# wie am besten tricks lernen ???



## grecco86 (22. Juni 2007)

hi,
ich fahre KEIN bmx sondern ein hardtail  ein cube ltd. team

nun bin ich aber auf den geschmack gekommen ein bisi zu tricksen mit dem bike...den bunnyhop kriege ich schon ganz gut hin, dank eines video-tutorials im youtube 
also bordstein hoch und runter ist eigentlich kein problem mehr...auch mehrere cm hoch und weit geht schon ganz gut...

nun wuerde ich gerne noch einen richtigen wheelie (manual) lernen...also nicht nur fuer paar sekunden sondern schon laenger...
weiterhin waere die raeder versetzen ganz cool...also jeweils vorder- und hinterrad versetzen...

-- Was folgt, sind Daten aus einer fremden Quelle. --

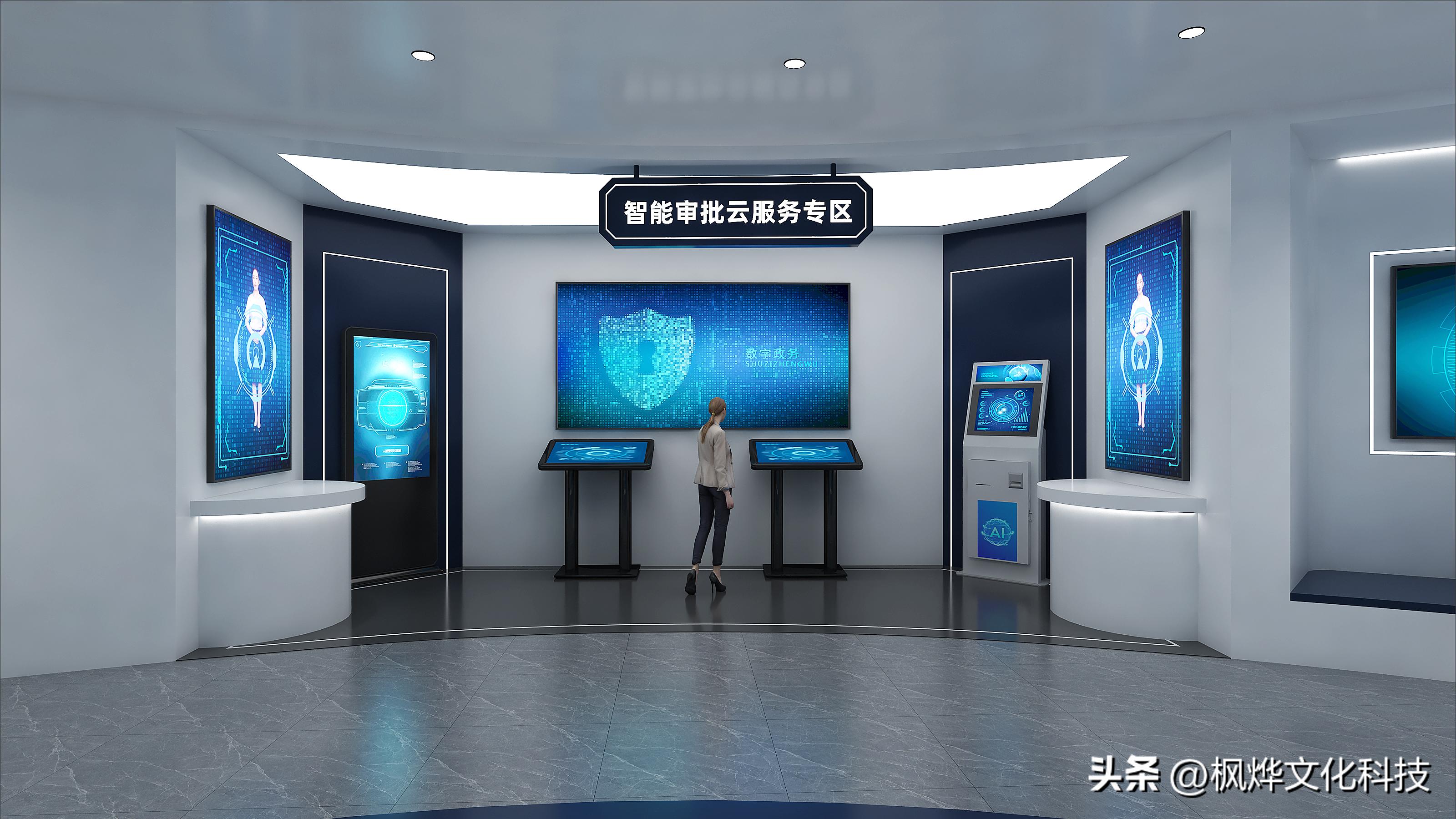 企业展厅设计方案创意,企业展厅设计策划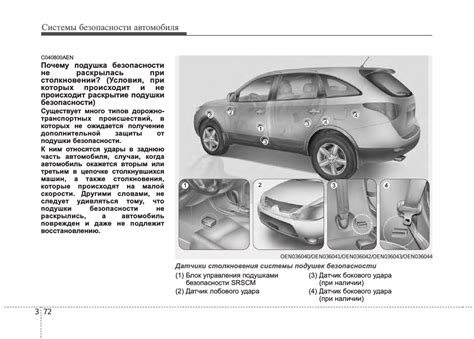 Изучите инструкцию по эксплуатации автомобиля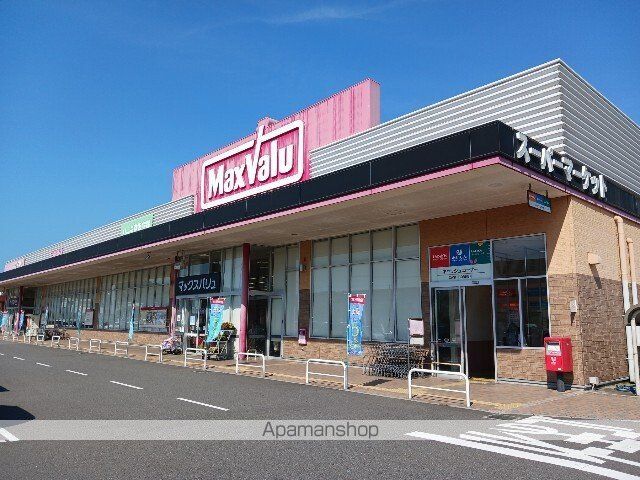 スーパー　マックスバリュ今治阿方店（スーパー）まで400m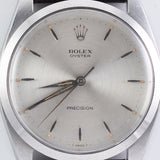 ROLEX BIG OYSTER Ref.6424 Small Letter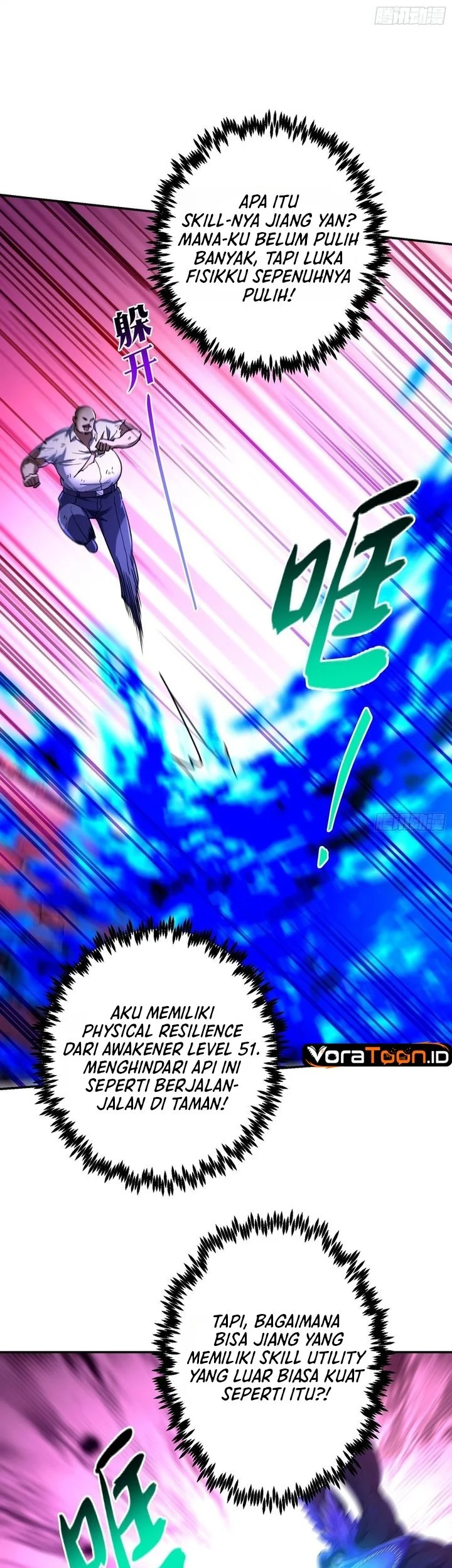 I Turn Skills Into Broken Ones With a Single Word Chapter 32 Gambar 36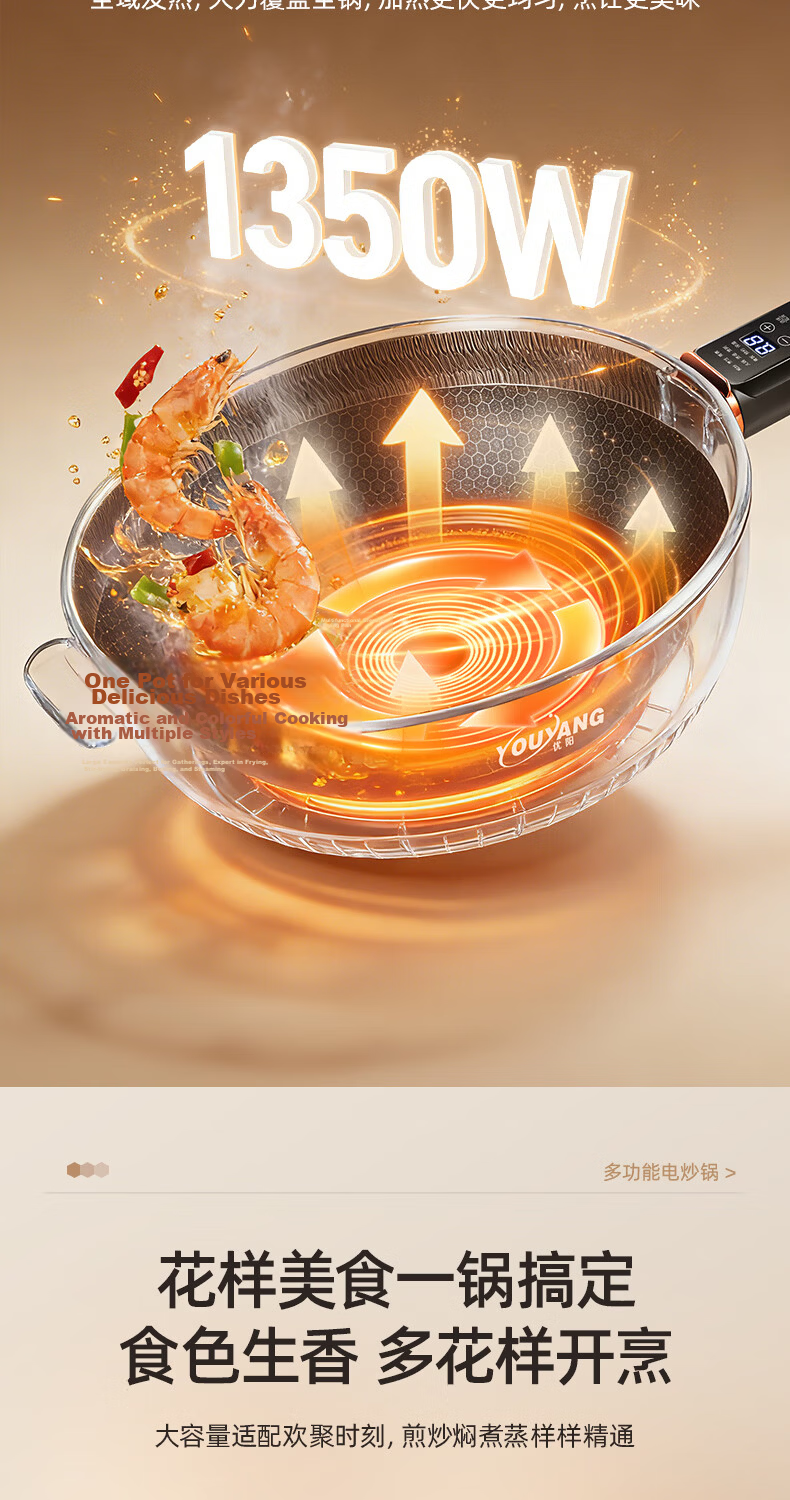 Youyang Electric Frying Pan Multi-Functional Electric Cooker 4.5L Honeycomb Crystal Pattern with Steamer Basket 4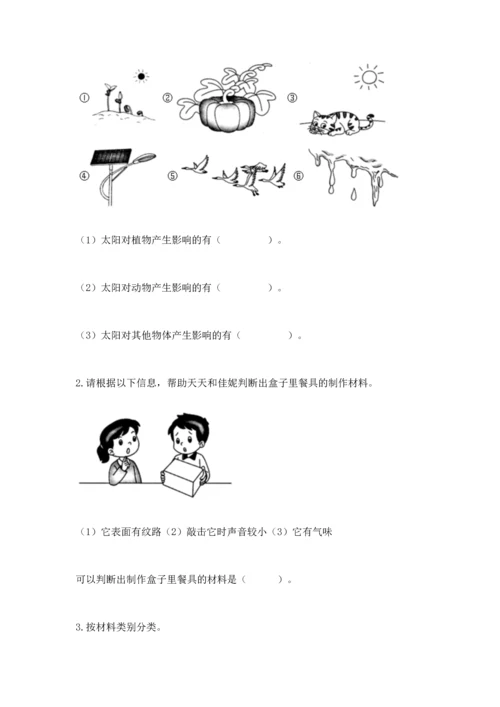 教科版二年级上册科学期末测试卷及参考答案（培优a卷）.docx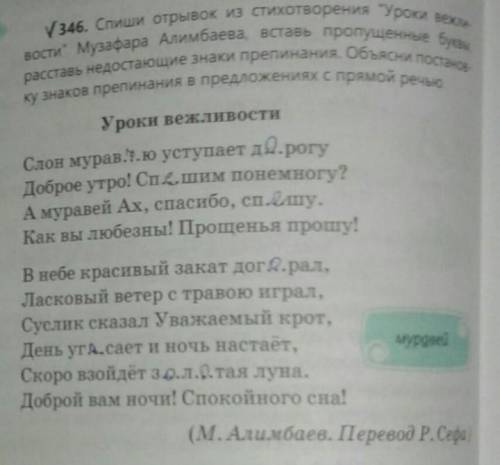 Спиши отрывок из стихотворения Уроки вежливости Музафара Алимбаева, вставь пропущенные. буквы, расс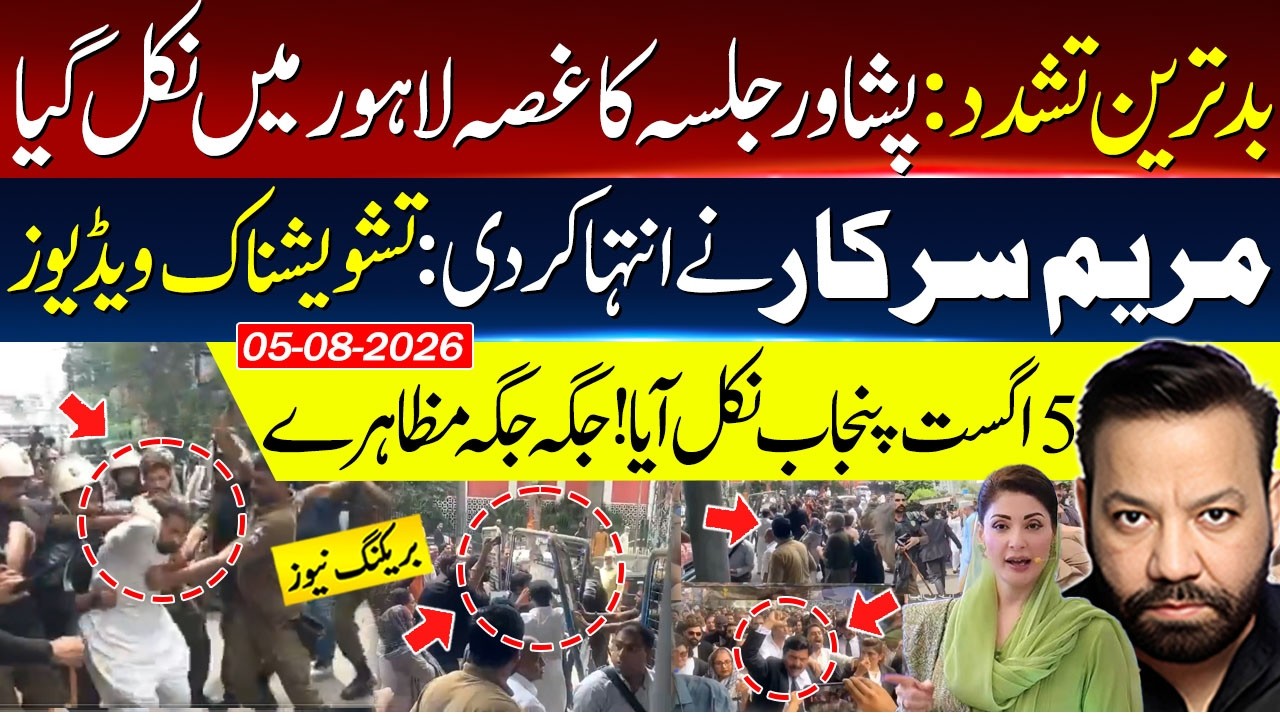 PTI jalsa live Peshawar Fallout: Widespread Protests & High Tension in Lahore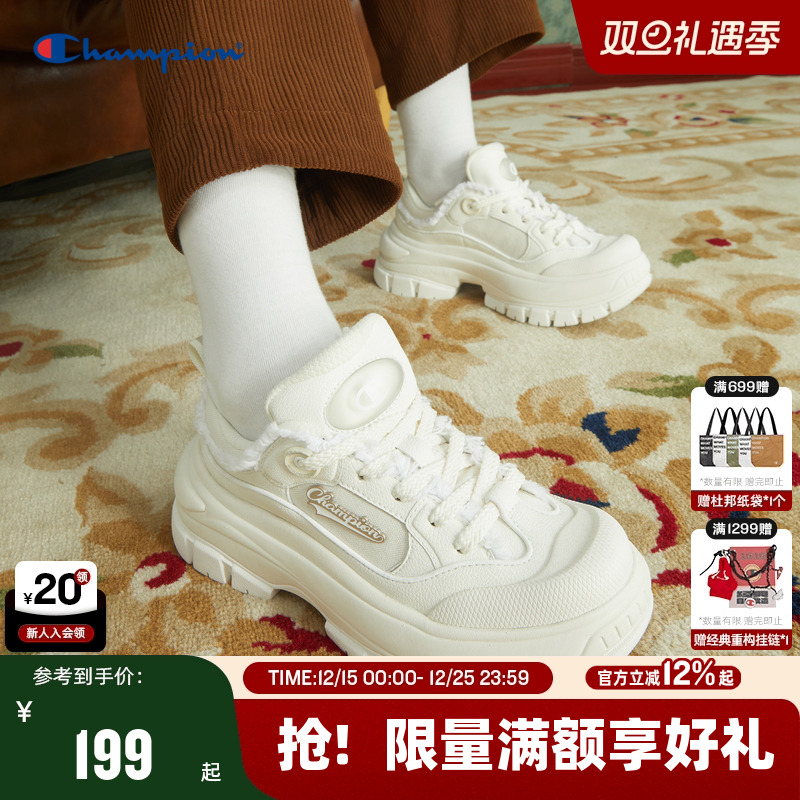 Champion冠军女款厚底老爹鞋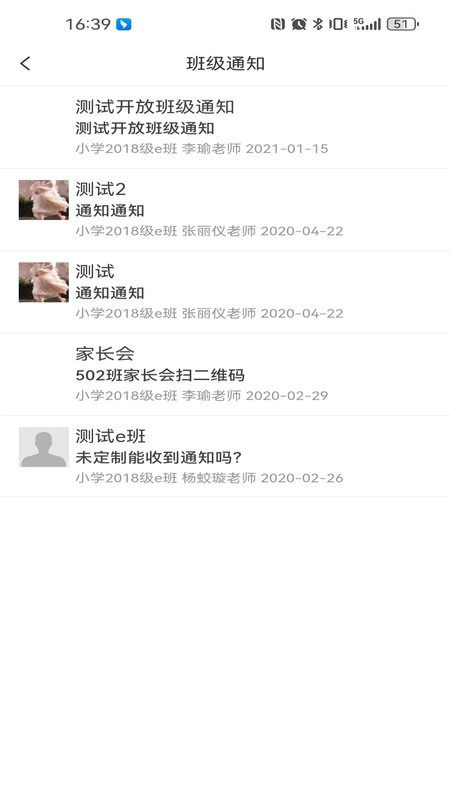 南方e校通手机版安卓下载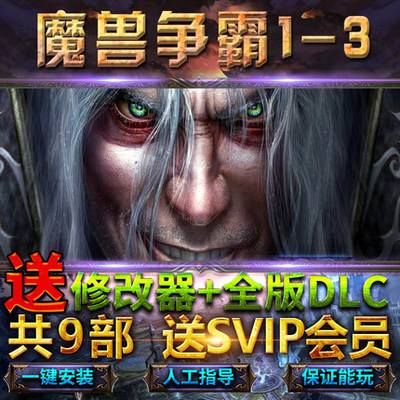 寒冰王座使用教程(寒冰王座使用教程图解)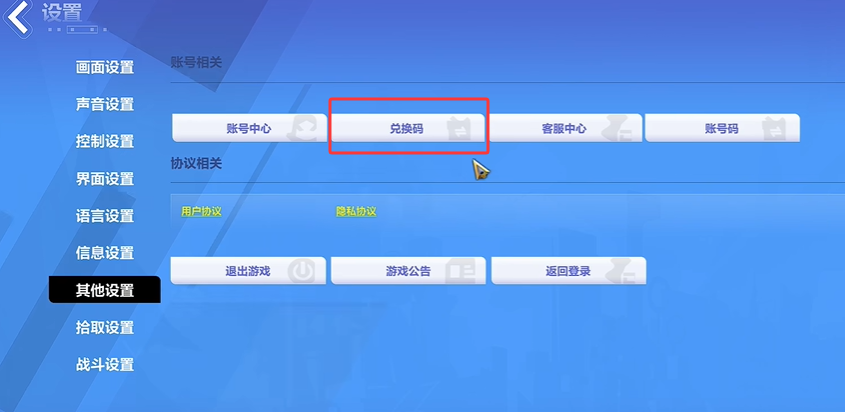 兑换码输入界面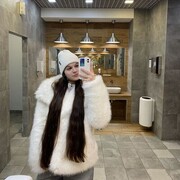 ���������� ���������� �����, �����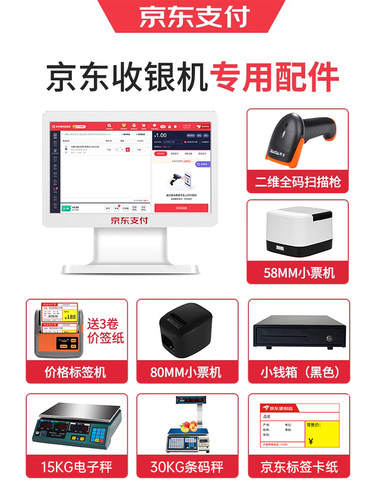 京东支付收款机一体机专用配件现金箱打印机贴标机80mm厨房后厨网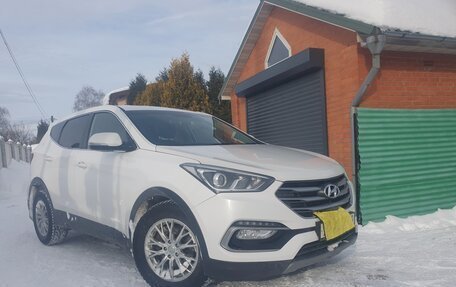 Hyundai Santa Fe III рестайлинг, 2017 год, 2 425 000 рублей, 4 фотография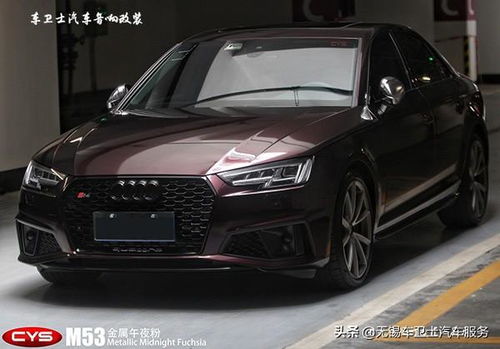 高品质汽车改装价格多少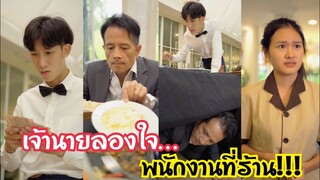 ทดสอบพนักงาน…!!! #ละครสั้น #สะท้อนสังคม #กันและกันซีรีย์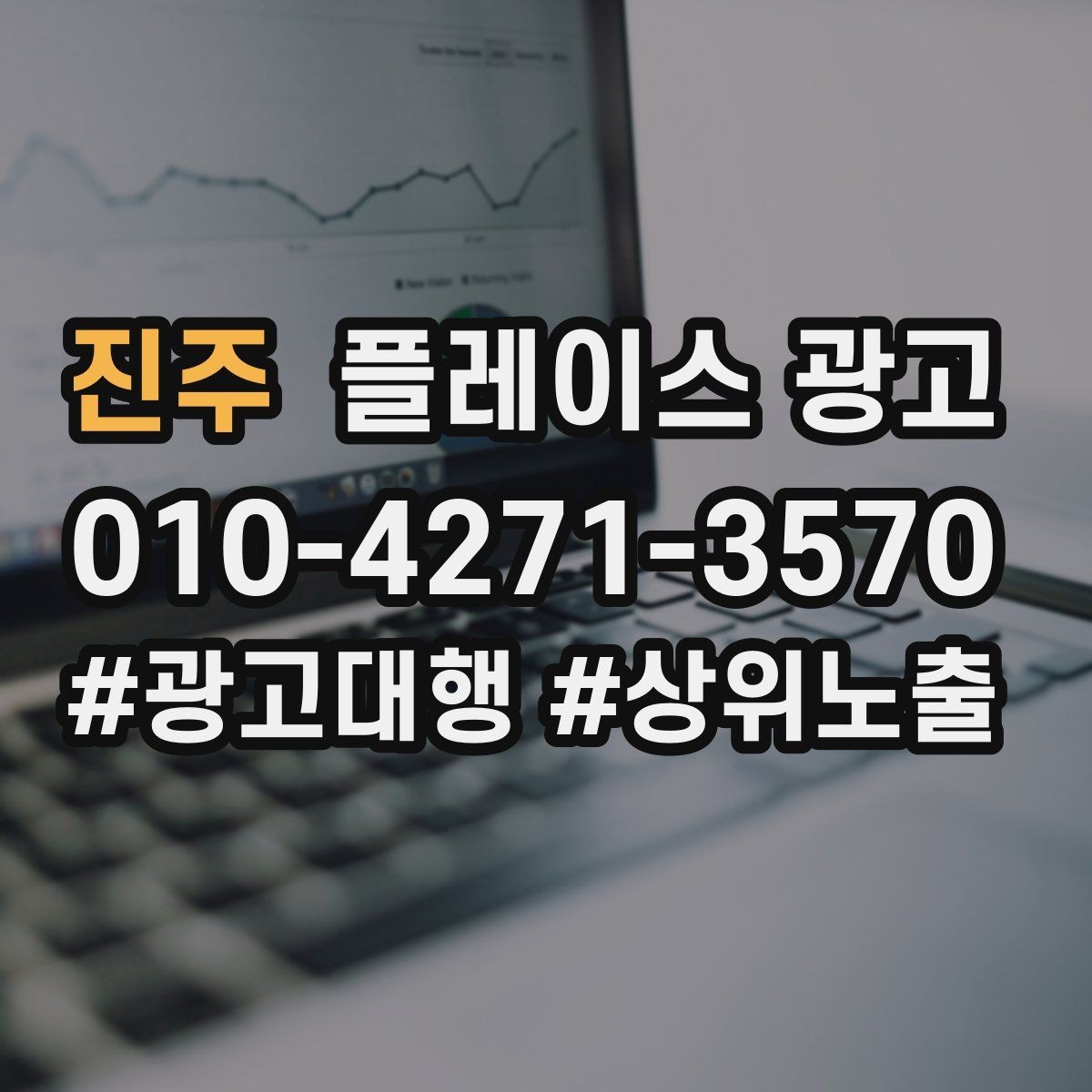 진주 플레이스 광고 방문 전 준비물을 안내하면 좋은 업종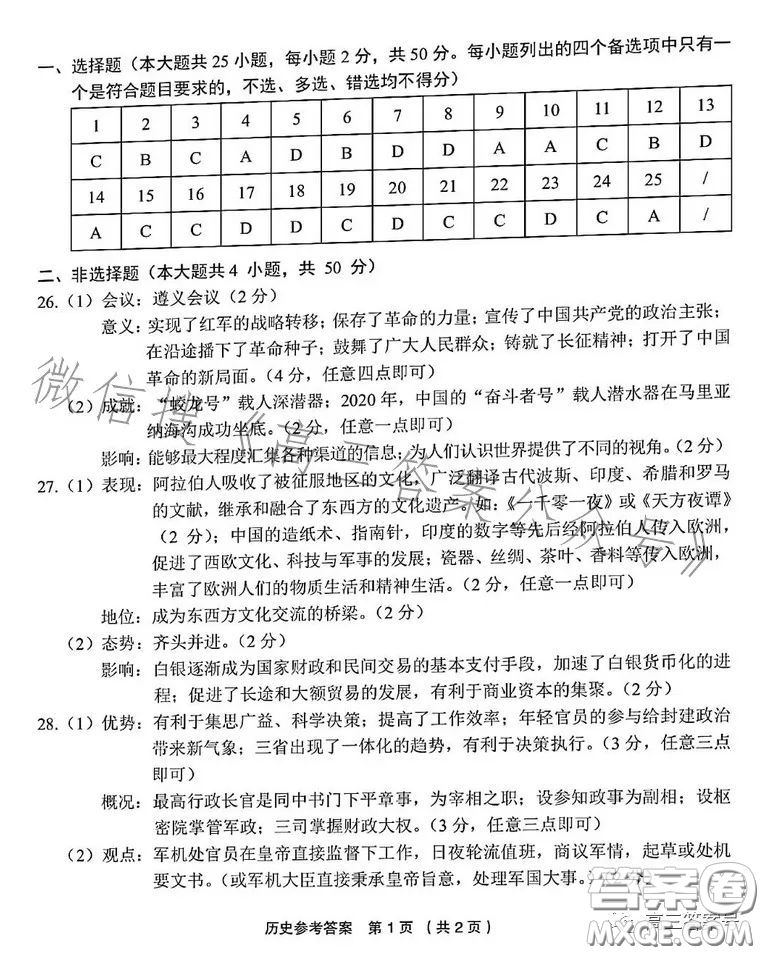金麗衢十二校2022學(xué)年高三第一次聯(lián)考?xì)v史試卷答案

kann mir jmd ein paar tipps diesbezueglich geben?
wie kann ich das am besten lernen? 
worauf muss ich achten?
ein paar links oder videos mit tutorials diesbezueglich?
wie habt ihr diese tricks gelernt?
einfach nur ueben ueben ueben oder wie macht man sowas am besten?

danke fuer die infos!

mfg
pavlos


----------



## AerO (22. Juni 2007)

jeh ma nach die droppas, die wissn ditte. sowat heißet macht hier keena.


----------



## MTB-News.de




----------



## King Jens one (22. Juni 2007)

um einen Hochstarter zumachen musst du bei deinem geländetauglichen Fahrrad den leichtesten Gang einstellen! Dann lenker hochziehen und dann treten! ganz einfach so mach ich das bei meinem bmx auch!
Am liebsten mach ich aber Northshoredrops die rocken wie sau!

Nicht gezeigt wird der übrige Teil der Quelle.